» **What to produce**
Using the records below, reproduce exactly the lines from the one containing "Community pool area" through the end, and nothing more; skip the images.

Start of Block

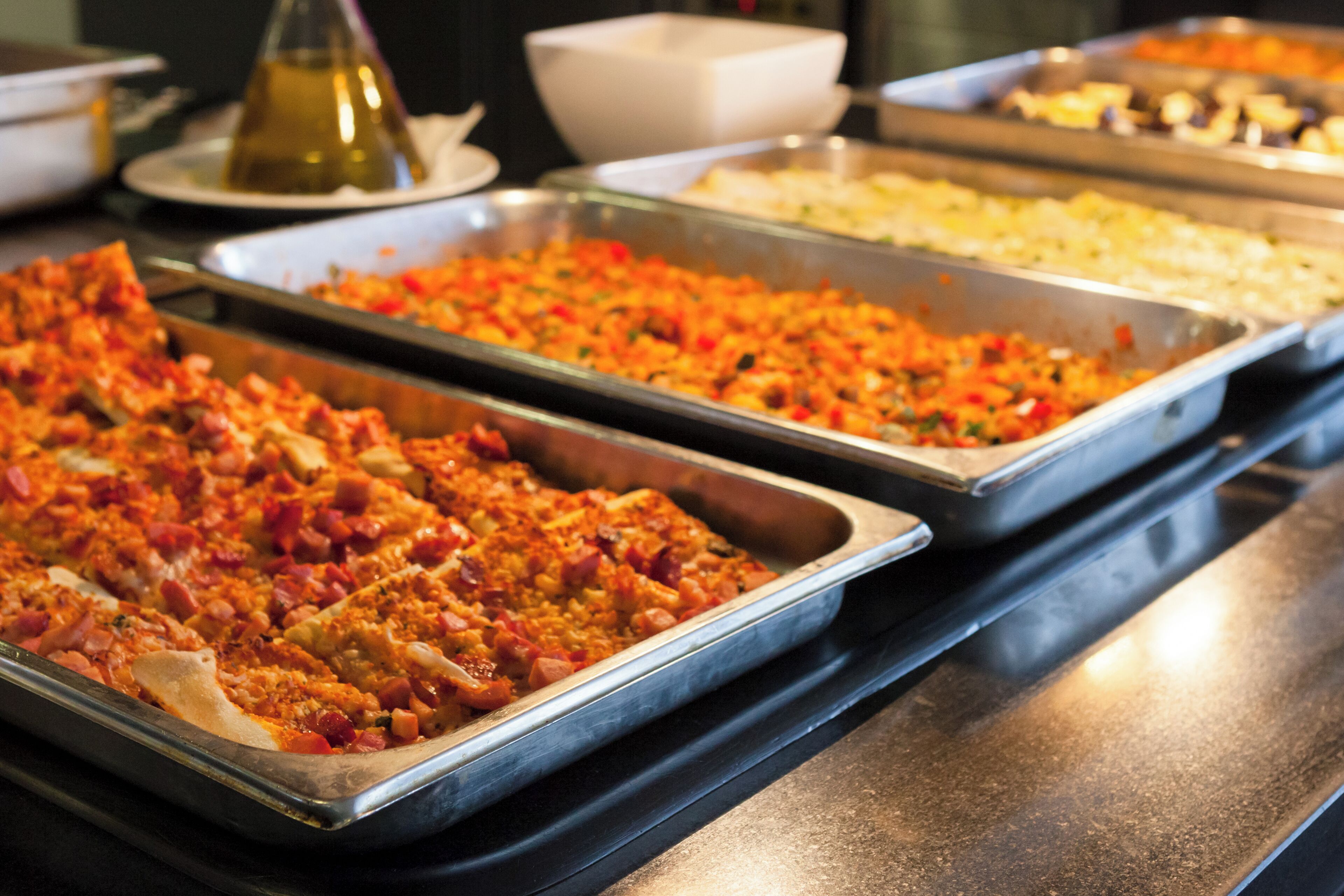 Un bufé con diversos platos, incluyendo una bandeja con un plato rojo y amarillo, un bol blanco y un recipiente con una sustancia amarilla.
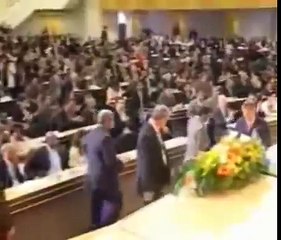 crazy clown is interrupting Mahmoud Ahmadinejad's speech at UN-conference in Geneva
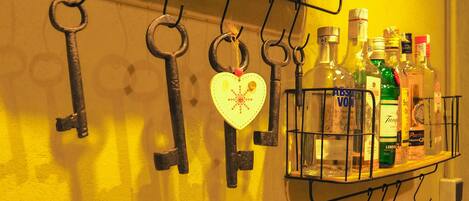 Una repisa montada en la pared con varias botellas de licor y un adorno con forma de corazón.
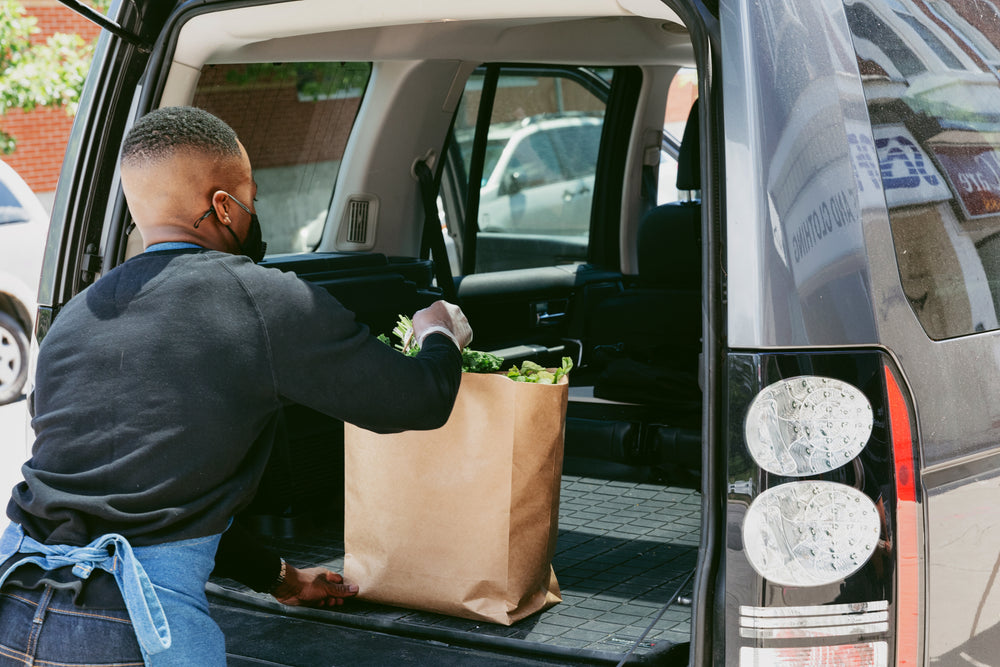 store staff places customer order in back of car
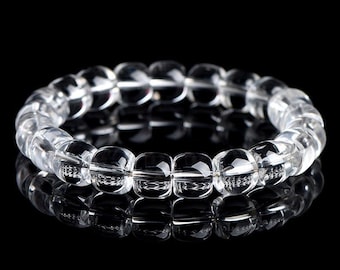 May include: A clear crystal bracelet with square-shaped beads. The bracelet is made of natural quartz and is designed to be worn on the wrist.
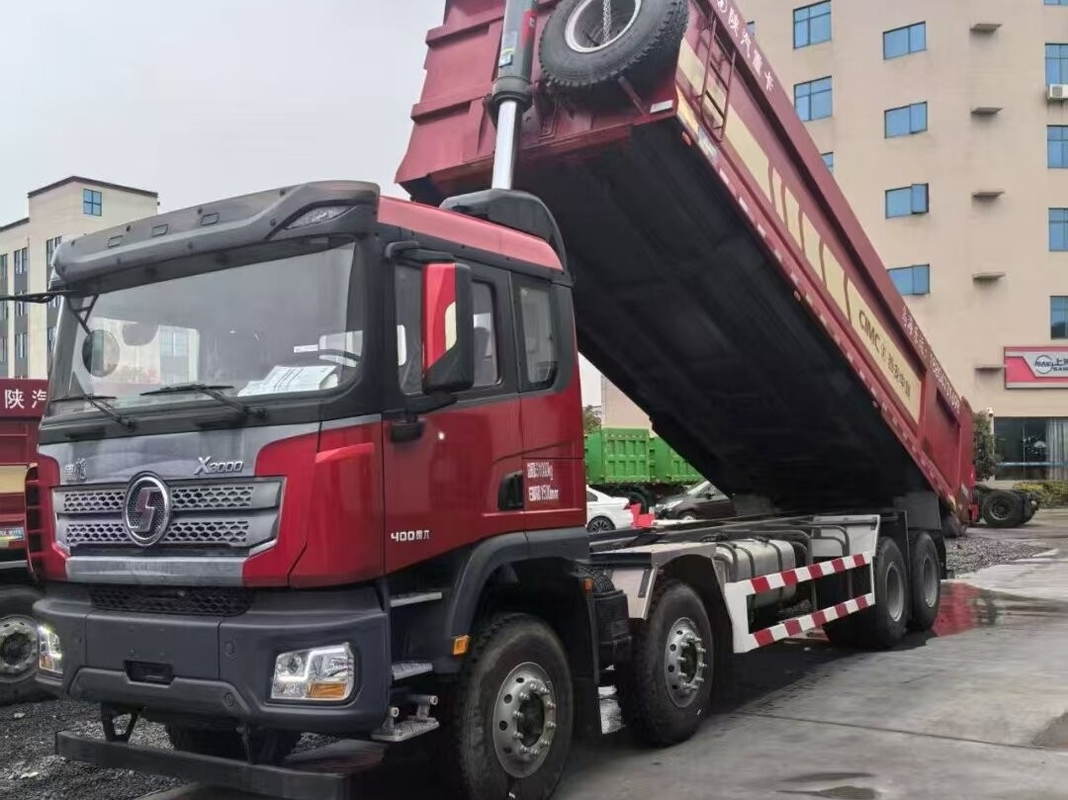 الشاحنة المستخدمة للغم Shacman Weichai 430hp رفع الأمامي 8 * 4 وضع القيادة 12 الإطارات Lhd 50 طن تحميل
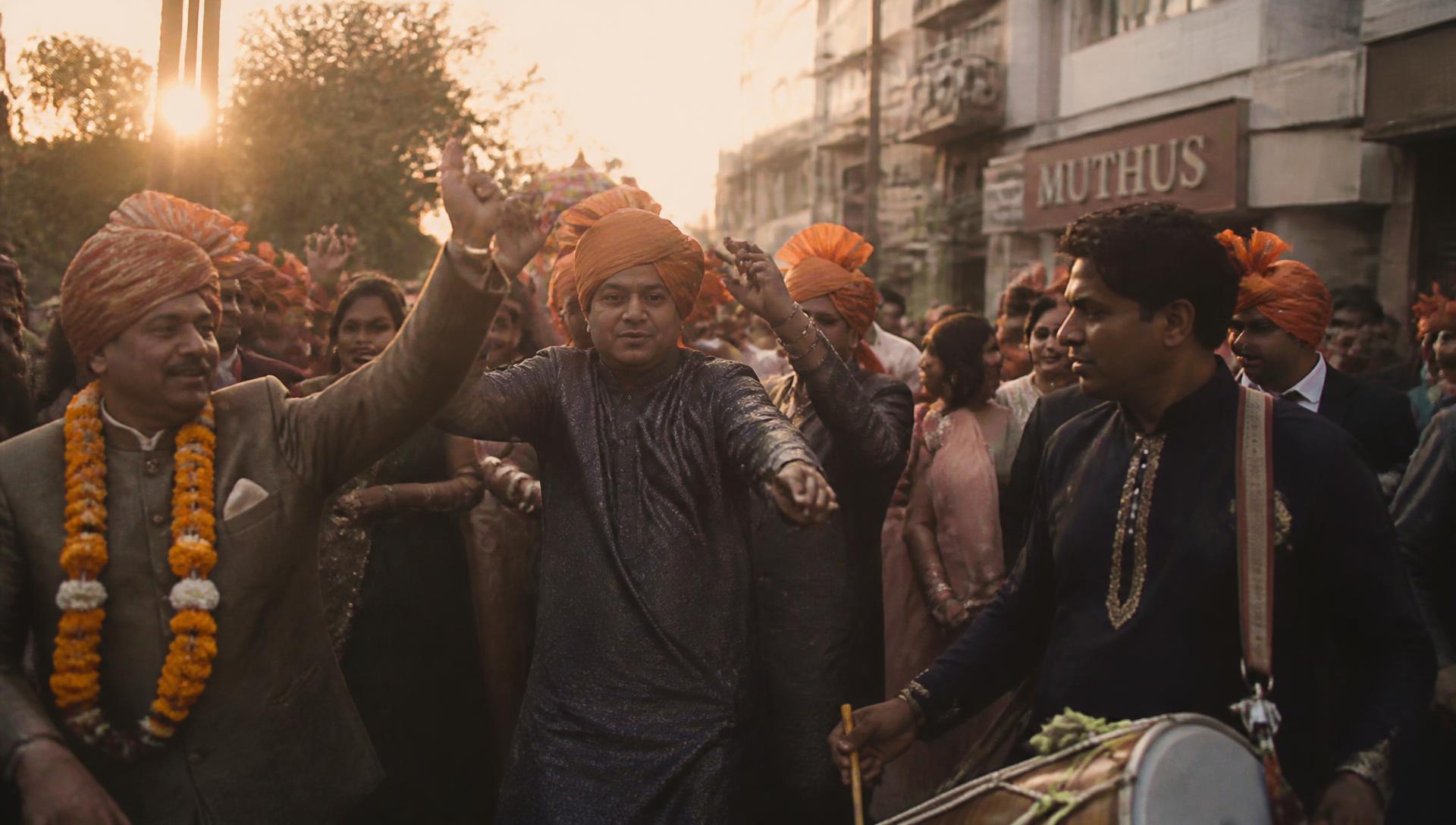 Baraat procession dancing on a street at golden hour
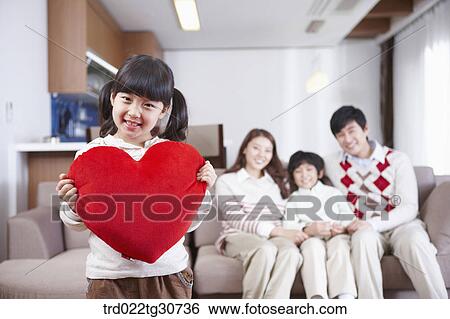 Happy family and a girl holding a red heart cushion View Large Photo Image Stock Photograph - Happy family and a girl holding a red heart cushion. Fotosearch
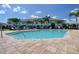 Community pool area with a flamingo float and tropical landscaping at 2487 Golden Pasture Cir, Clearwater, FL 33764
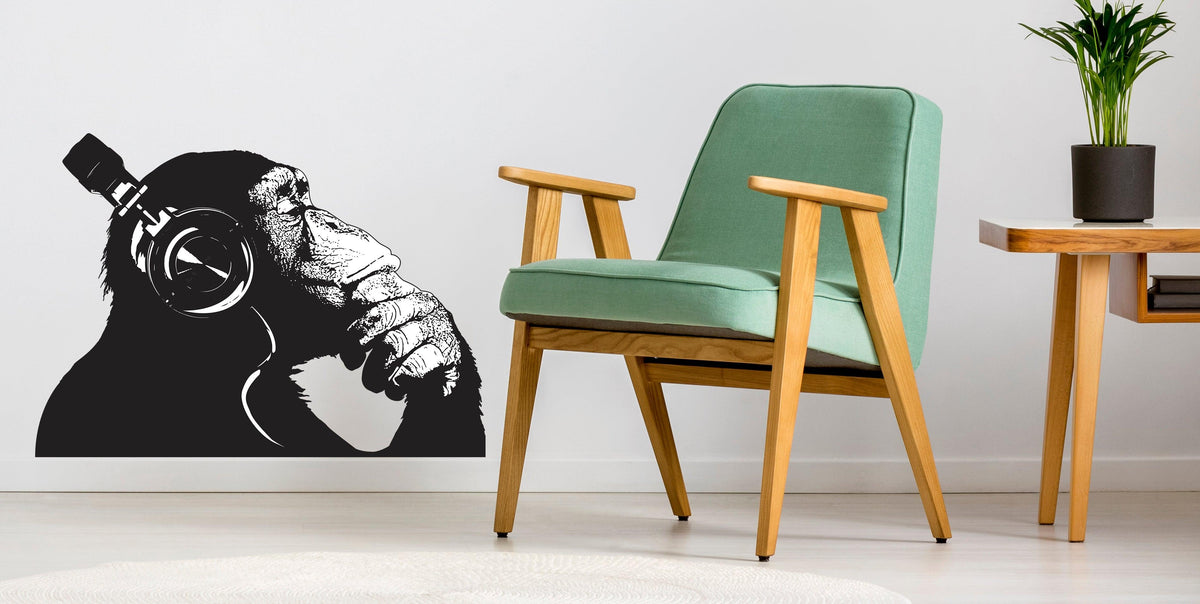 Vinyl wall decal of a contemplative monkey wearing headphones, adding a cool vibe to any room.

End of Block

» **Exercise solution**
 Community pool area with a flamingo float and tropical landscaping at 2487 Golden Pasture Cir, Clearwater, FL 33764
 Vinyl wall decal of a contemplative monkey wearing headphones, adding a cool vibe to any room.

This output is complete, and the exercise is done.